Task goal: Please restate exactly the lines from the one holding "Retro Funny Santa" to the end of the material, including both ends and excluding every picture.

Material provided:
━━━━━━━━━━
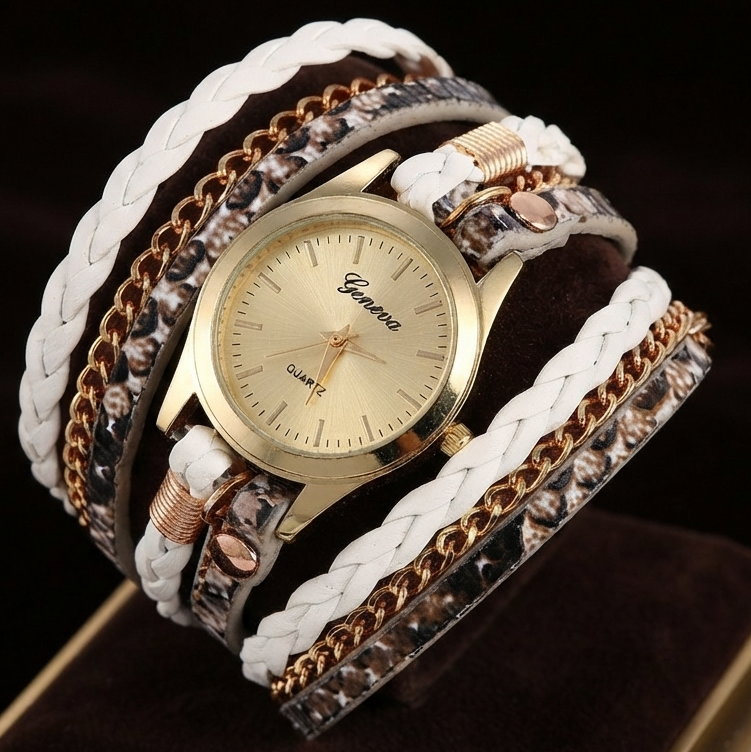 Ladies Wrap Watch Fashion Leopard Weave Bracelet Watch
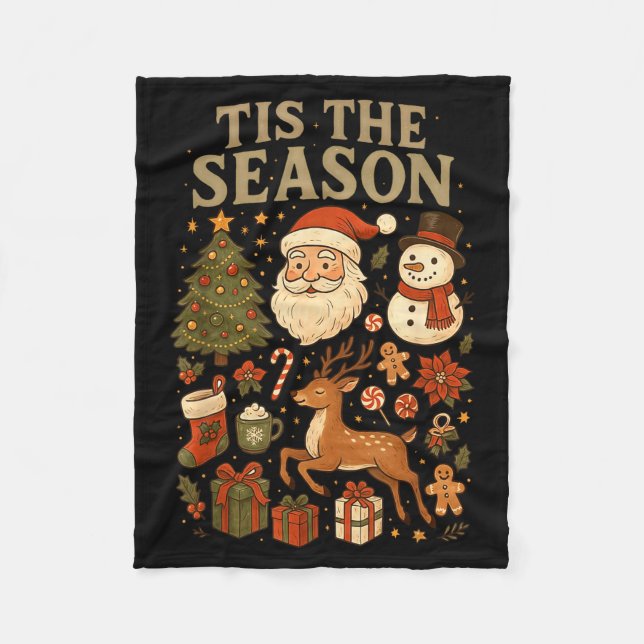Retro Funny Santa Tis The Season Christmas Doodles Fleece Blanket (Front)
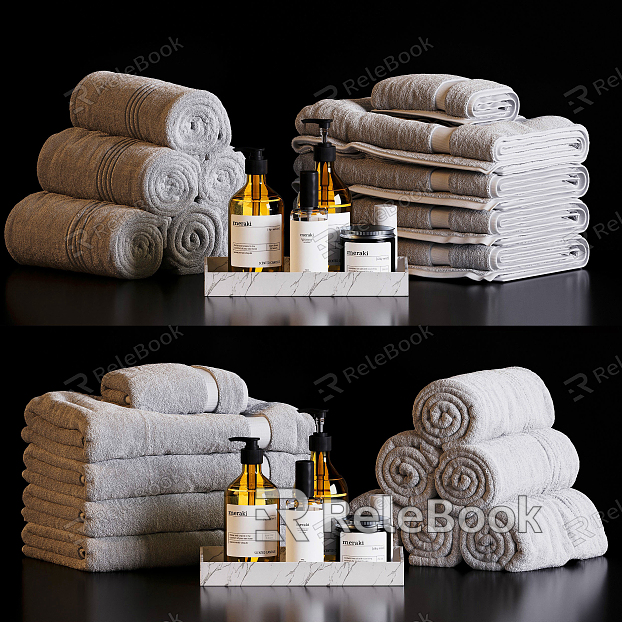 modern toiletries towel bathroom products model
━━━━━━━━━━
Written response:
Retro Funny Santa Tis The Season Christmas Doodles Fleece Blanket (Front)
 modern toiletries towel bathroom products model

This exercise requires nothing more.